When run, threads in the same block have access to a shared memory that they can use to transfer information between each other. This memory resides directly on the GPU chip, so accessing it has very low latency. A common strategy is to break a large problem (e.g. multiplying a \(512 \times 512\) matrix) into many smaller problems (e.g. multiply many \(8 \times 8\) matrices), and then for a block of threads to load into shared memory only the part of the original problem it then needs to work on together.

Importantly, different blocks run independently of each other and must be able to run in any order. While this limits communication between blocks, this constraint produces two advantages:

  • It allows the GPU to run blocks in parallel without causing any side effects since each block is programmed to run independently.

  • It allows the programmer to focus on implementing code only across the threads of one block correctly (instead of every single thread on the GPU) because it can then be automatically parallelized across the entire problem.

In order to have access to shared memory, threads in the same block are run on the same physical SM, that is, a streaming multiprocessor (a group of 64 CUDA cores). This results in a practical constraint: a block cannot have more than 1024 threads, and CUDA enforces this.

Grid

The grid refers to all the blocks scheduled to run for a problem. Like threads and blocks, it is a logical (and not a physical) construct. Logically, from the programmer’s point of view, all blocks on the grid execute in parallel; physically, the GPU will run as many blocks as it can on all available SMs in parallel and start running new blocks as the existing ones are completed.

Writing a kernel

The 1D add kernel

We now return to a more fleshed-out implementation of our code snippet from earlier. The code below does three things:

  • creates three 1D arrays (i.e. vectors) of length 1,048,576 and sends them to the GPU

  • defines an addition kernel

  • launches the kernel with the correct number of blocks and threads to perform the actual calculation

For simplicity, we set the length of the vector to be \(2^{20}=1048576\), a number divisible by the number of threads we assign per block (256).

using CUDA 

const n = 2^20 # 1048576, number of elements in 1D arrays
const THREADS_PER_BLOCK = 256

# create a vector [0.0, 0.0, 0.0...], and send to GPU
C = zeros(Float32, n) |> cu 

# create two vectors, fill them with 1s and 2s, and send to GPU
A = fill(1.0f0, n) |> cu 
B = fill(2.0f0, n) |> cu

function add!(c, a, b)
    # compute the thread_id
    x = (blockIdx().x - 1) * blockDim().x + threadIdx().x 

    # i'th thread should get the i'th elements of a and b 
    # sum them, and then store them in i'th element of c
    @inbounds c[x] = a[x] + b[x]
    return
end

threads = THREADS_PER_BLOCK # 256
blocks = n ÷ threads # 4096

# launch the kernel with 4096 blocks, of 256 threads each
@cuda threads=threads blocks=blocks add!(C, A, B)

Sending data to the GPU

We create a vector C, to hold our output values, as well as vectors A and B that are filled with 1s and 2s, respectively. We then use the cu function described earlier3 which takes in an Array on the CPU, and sends it to the GPU, returning a CuArray .

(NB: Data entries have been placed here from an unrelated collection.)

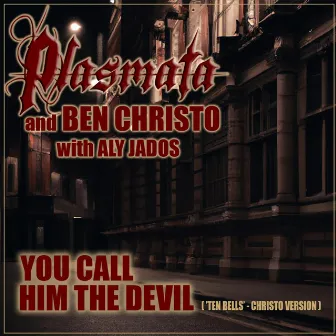 You Call Him the Devil (Ten Bells-Christo Version) by Ben Christo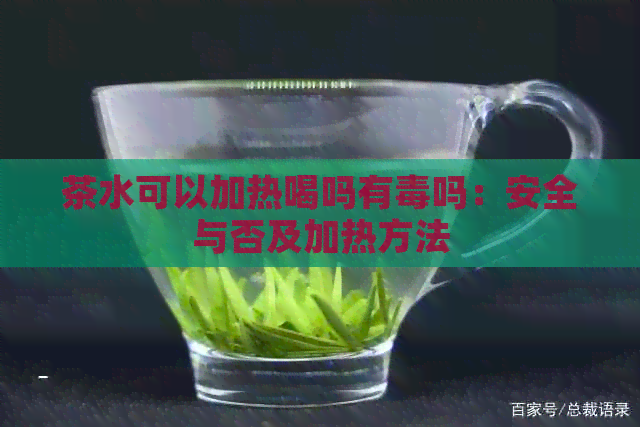 茶水可以加热喝吗有吗：安全与否及加热方法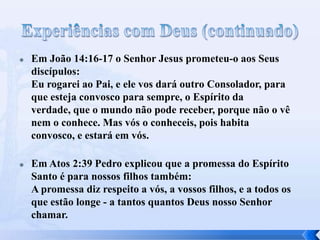  Em João 14:16-17 o Senhor Jesus prometeu-o aos Seus
discípulos:
Eu rogarei ao Pai, e ele vos dará outro Consolador, para
que esteja convosco para sempre, o Espírito da
verdade, que o mundo não pode receber, porque não o vê
nem o conhece. Mas vós o conheceis, pois habita
convosco, e estará em vós.
 Em Atos 2:39 Pedro explicou que a promessa do Espírito
Santo é para nossos filhos também:
A promessa diz respeito a vós, a vossos filhos, e a todos os
que estão longe - a tantos quantos Deus nosso Senhor
chamar.
 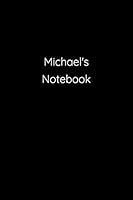 Michael's Notebook: Notebook / Journal / Diary - 6 x 9 inches (15,24 x 22,86 cm), 150 pages. 1691171611 Book Cover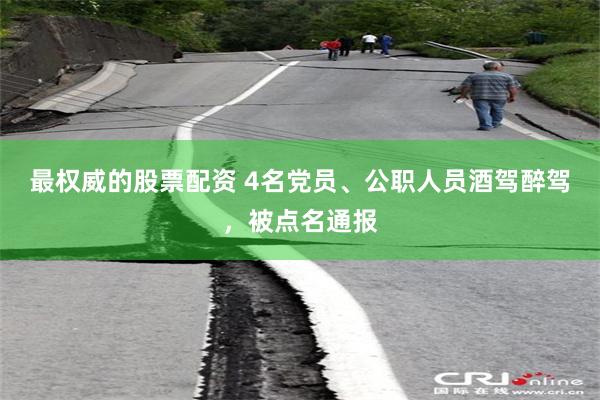 最权威的股票配资 4名党员、公职人员酒驾醉驾，被点名通报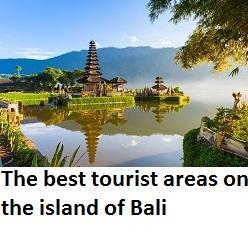 The best tourist areas on the island of Bali - 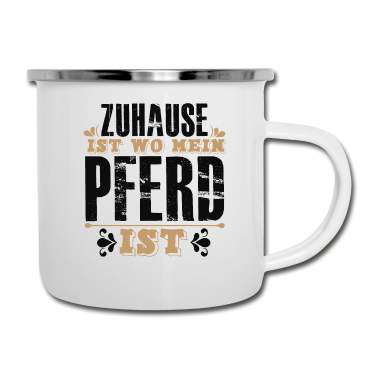 Pferde Emaille Tasse - Zuhause Ist Wo Mein PFERD Ist Pferde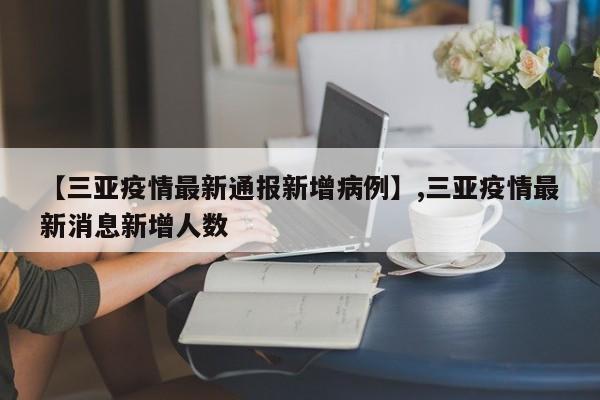 【三亚疫情最新通报新增病例】,三亚疫情最新消息新增人数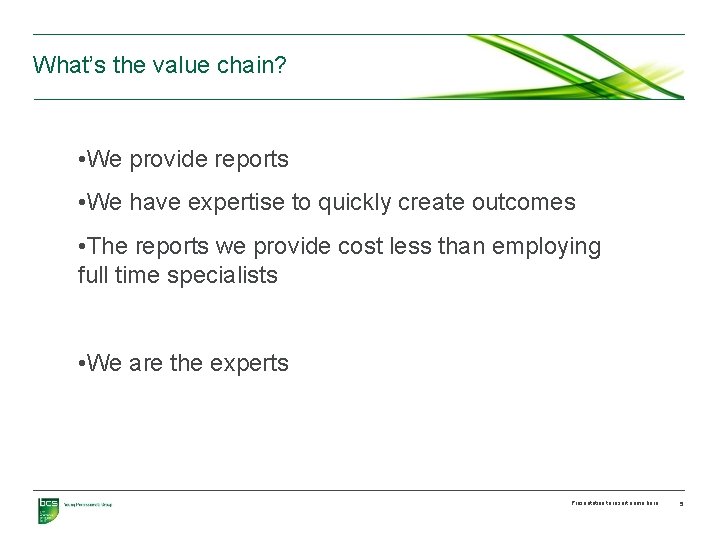 What’s the value chain? • We provide reports • We have expertise to quickly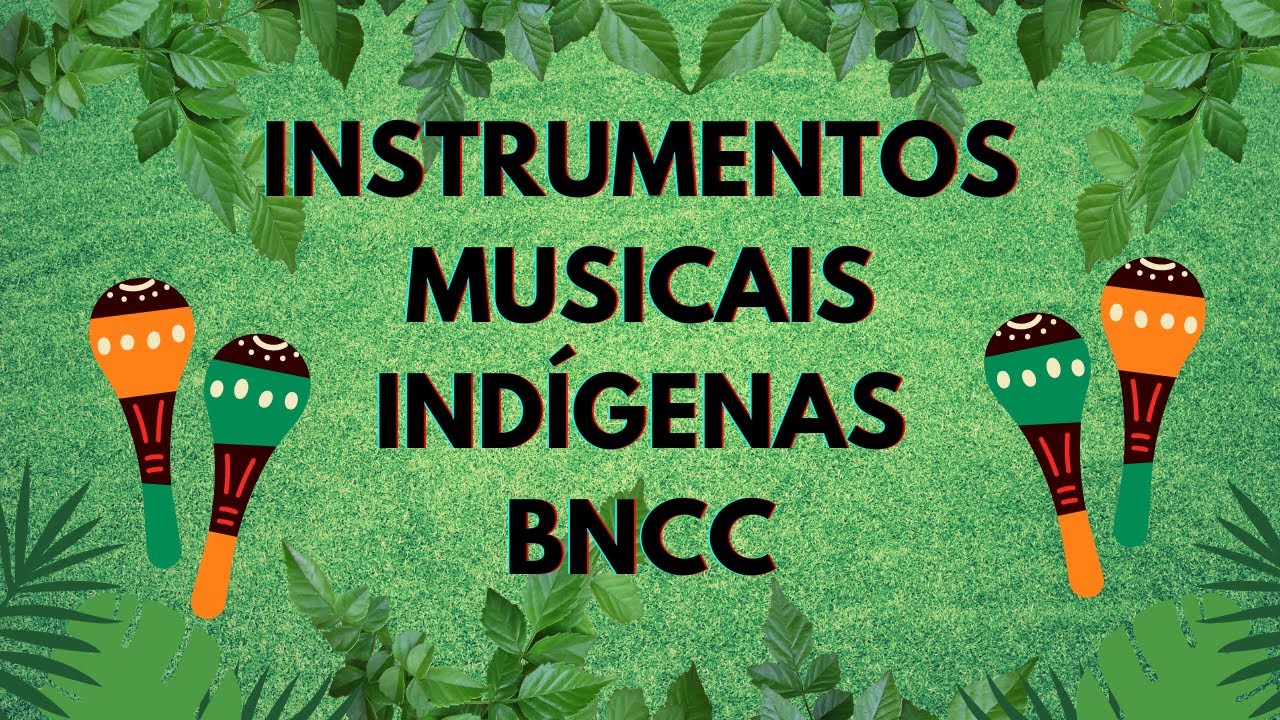 INSTRUMENTOS MUSICAIS INDÍGENAS - CULTURA INDÍGENA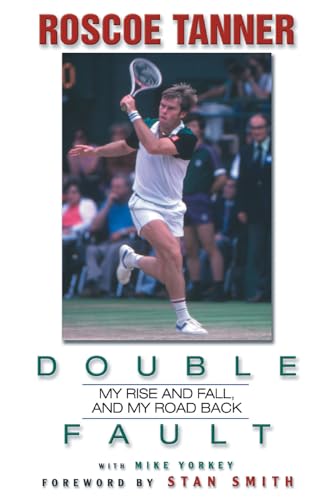 Double Fault: My Rise and Fall, and My Road Back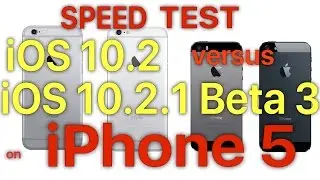 iPhone 5 : iOS 10.2 vs iOS 10.2.1 Beta 3 / Speed Test Build # 14D23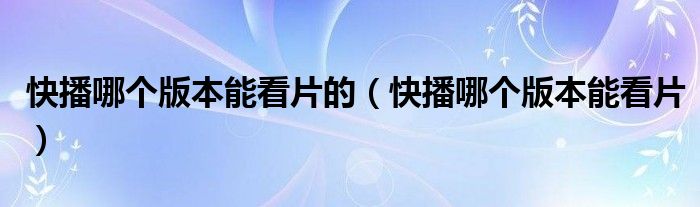 快播哪个版本能看片的（快播哪个版本能看片）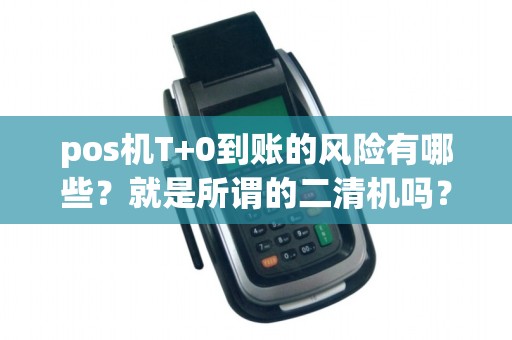 pos机T+0到账的风险有哪些?就是所谓的二清机吗? pos机T+0到账的风险有哪些?就是所谓的二清机吗?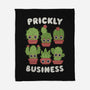 It's Prickly Business-none fleece blanket-Weird & Punderful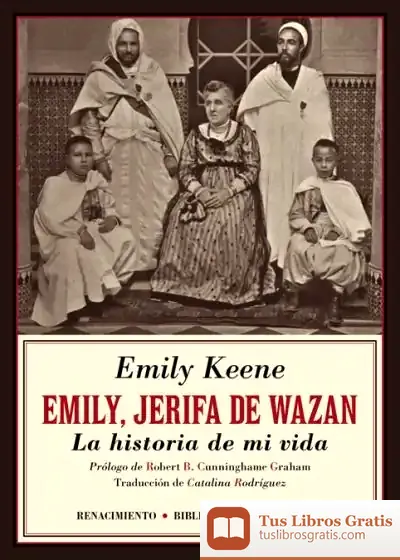 Descargar Emily, Jerifa De Wazan. La Historia De Mi Vida de R. B. Cunninghame Graham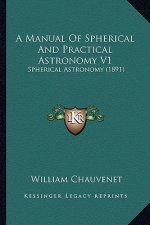 A Manual of Spherical and Practical Astronomy V1: Spherical Astronomy (1891)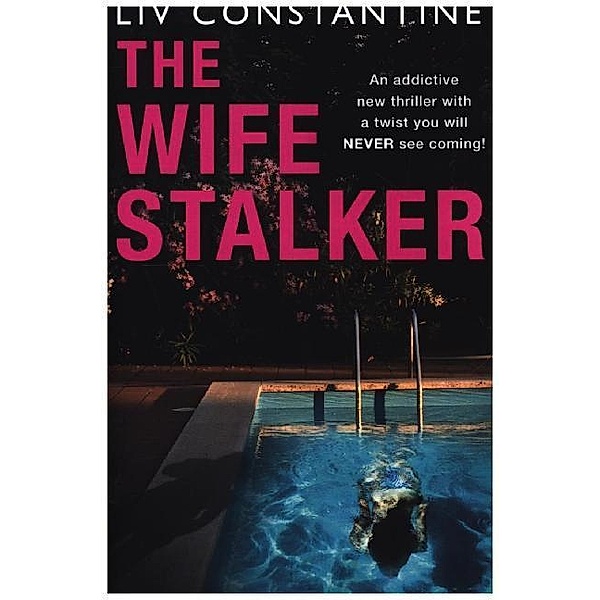 The Wife Stalker, Liv Constantine
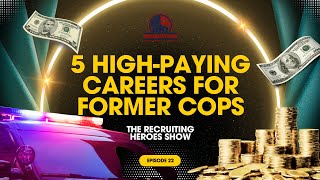 Top 5 High-Paying Careers for Former Cops | Best Jobs After Law Enforcement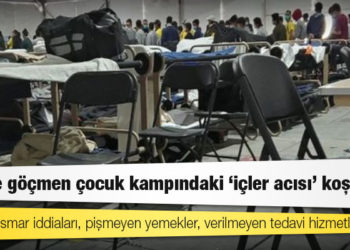 ABD'de göçmen çocuk kampındaki 'içler acısı' koşullar: Cinsel istismar iddiaları, pişmeyen yemekler, verilmeyen tedavi hizmetleri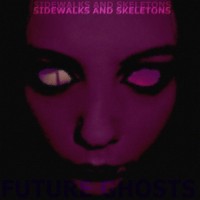 Sidewalks And Skeletons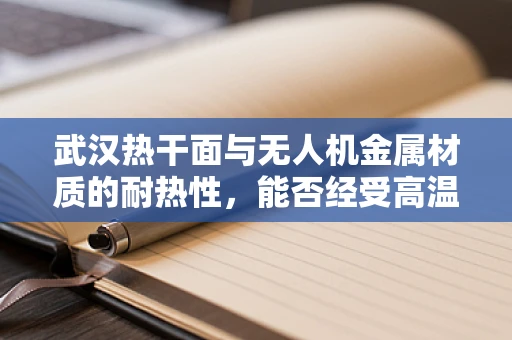 武汉热干面与无人机金属材质的耐热性，能否经受高温考验？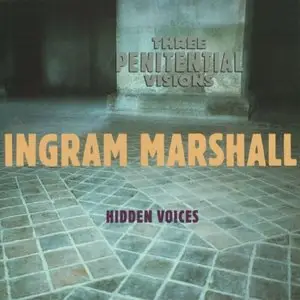 Ingram Marshall - Three Penitential Visions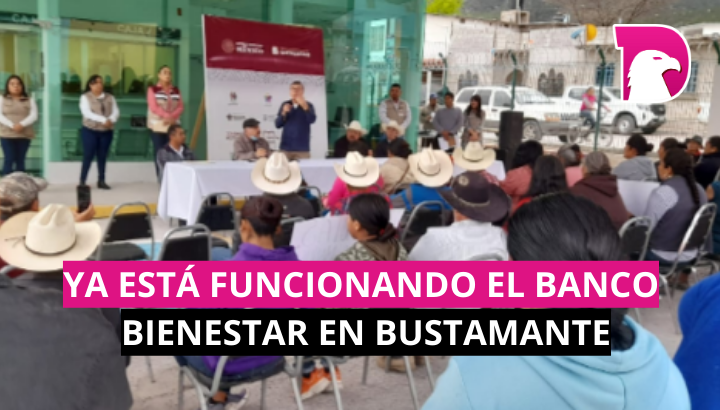  Ya está funcionando el Banco de Bienestar en Bustamante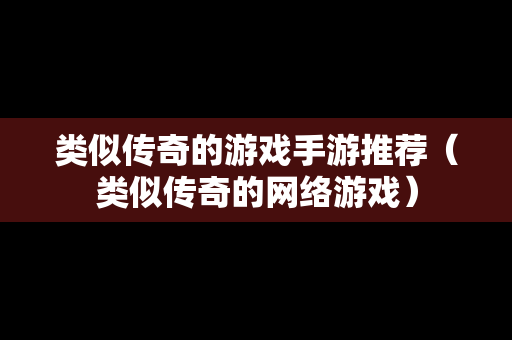 类似传奇的游戏手游推荐（类似传奇的网络游戏）
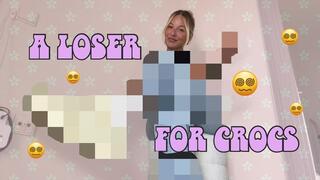 A LOSER for Crocs Censored Beta Safe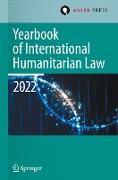 Yearbook of International Humanitarian Law, Volume 25 (2022)
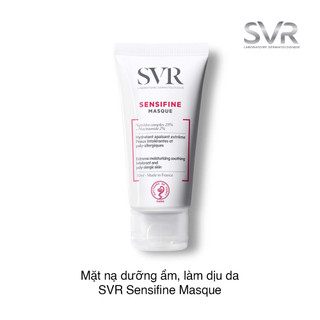  Kem Dưỡng Ẩm Giúp Làn Da Mềm Mịn Dành Cho Da Khô Và Da Bị Kích Ứng SVR Sensifine Masque 50ml 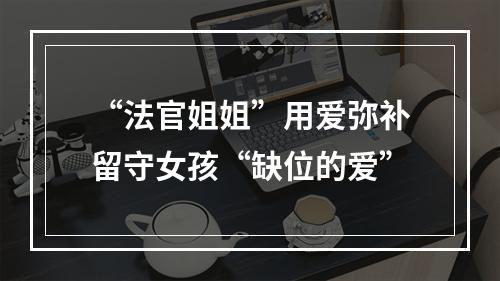 “法官姐姐”用爱弥补留守女孩“缺位的爱”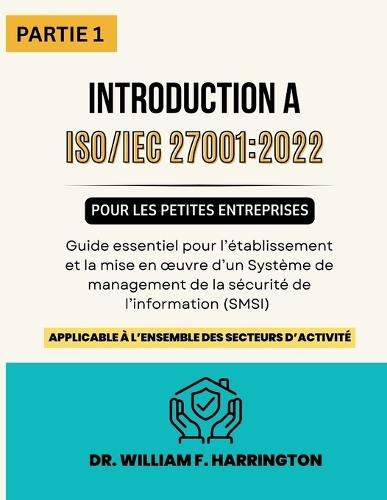 ISO 27001: 2022 - Introduction pour les Petites Entreprises PARTIE 1: Guide essentiel pour l'établissement et la mise en oeuvre d'un Système de Management de la Sécurité de l'Information (SMSI)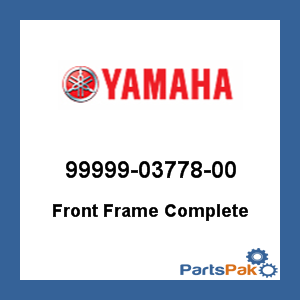 Yamaha 99999-03778-00 Front Frame Complete; 999990377800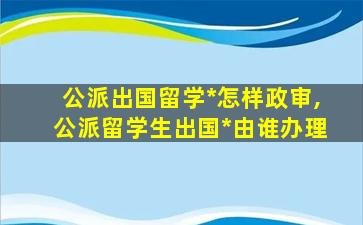 公派出国留学*
怎样政审,公派留学生出国*
由谁办理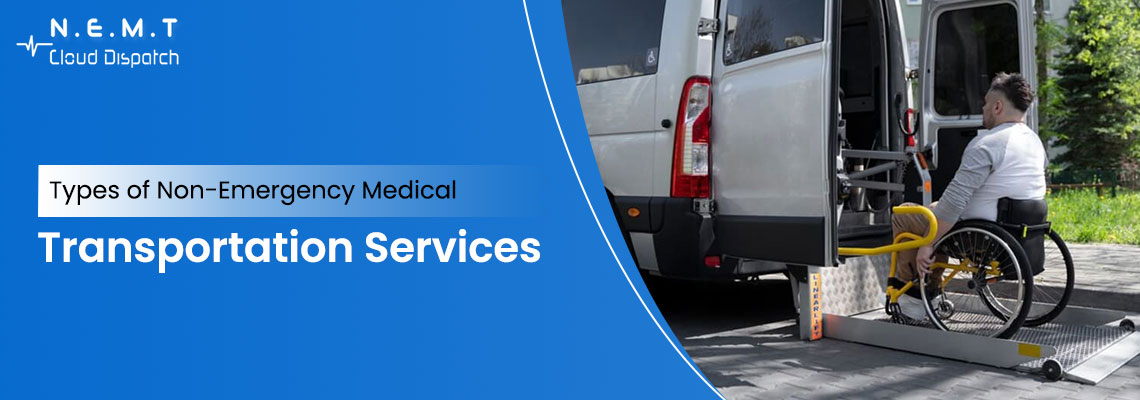 types of non emergency medical transportation services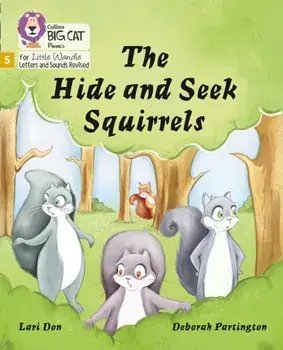 The Hide and Seek Squirrels. Phase 5, Paperback/Lari Don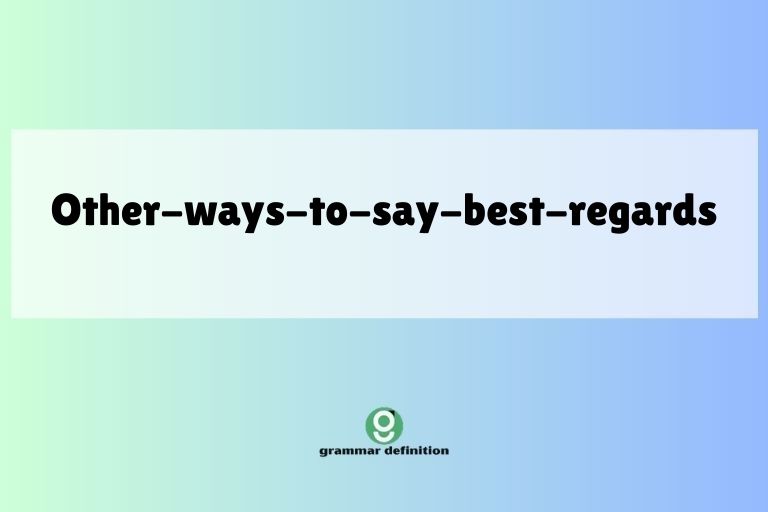 other-ways-to-say-best-regards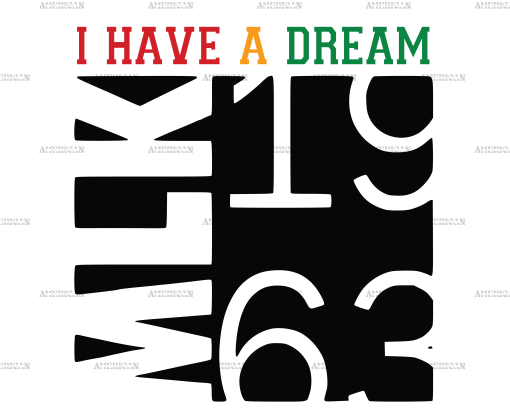 I Have A Dream MLK 1963 Black DTF Transfer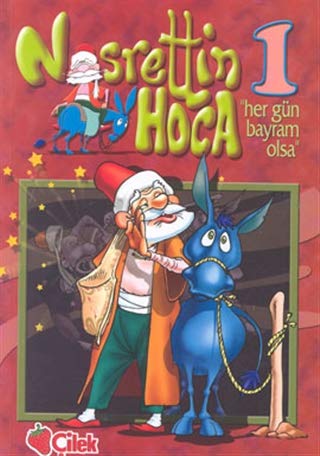 Nasrettin Hoca 1 Her Gün Bayram Olsa Books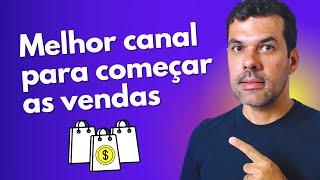 QUAL MELHOR CANAL DE VENDAS NA INTERNET PARA COMEÇAR NO ECOMMERCE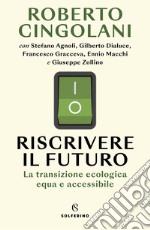 Riscrivere il futuro. La transizione ecologica equa e accessibile libro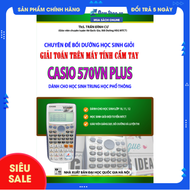 Sách - Chuyên Đề Bồi Dưỡng Học Sinh Giỏi Giải Toán Trên Máy Tính Cầm Tay Casio 570VN Plus - THPT - N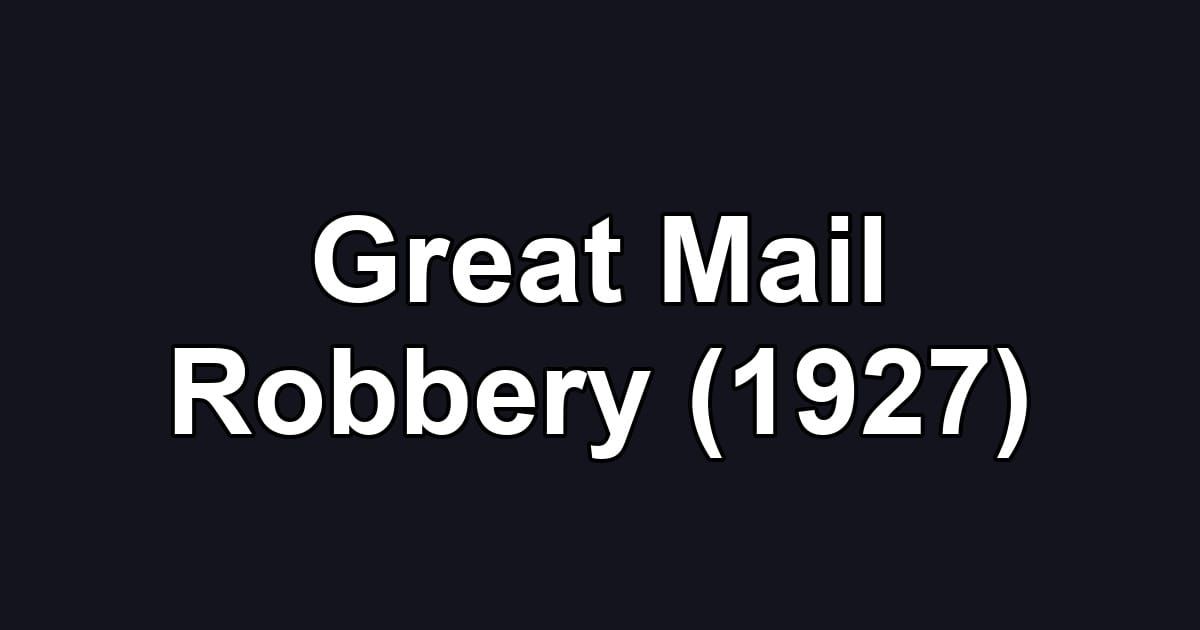 Great Mail Robbery (1927)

# create a vector [0.0, 0.0, 0.0...], and send to GPU
C = zeros(Float32, n) |> cu 

# create two vectors, fill them with 1s and 2s, and send to GPU
A = fill(1.0f0, n) |> cu 
B = fill(2.0f0, n) |> cu

One thing of note is that all three vectors have 32-bit (“single-precision”) floats4 as opposed to 64-bit (“double-precision”) values. GPUs perform better when working with single-precision data, and unless you have good reason to be very numerically precise (e.g. simulating a chaotic system), single-precision data should more than suffice.

Zooming in

Let’s zoom in on the kernel itself, free of its boilerplate:

function add!(c, a, b)
    # compute the thread_id
    x = (blockIdx().x - 1) * blockDim().x + threadIdx().x 

    # i'th thread should get the i'th elements of a and b 
    # sum them, and then store them in i'th element of c
    @inbounds c[x] = a[x] + b[x]
    return
end

There are four things of note going on here:

  • Inside a kernel, a thread has access to special functions. Here, we use three:
    • blockIdx() : returns what block number the thread is part of

    • blockDim() : returns the number of threads in that block

    • threadIdx() : returns which thread in the block the current thread is

For instance, when the 3rd thread in the 3rd block calls these functions, it will be evaluated in the way shown below5, resulting in a global index of 515.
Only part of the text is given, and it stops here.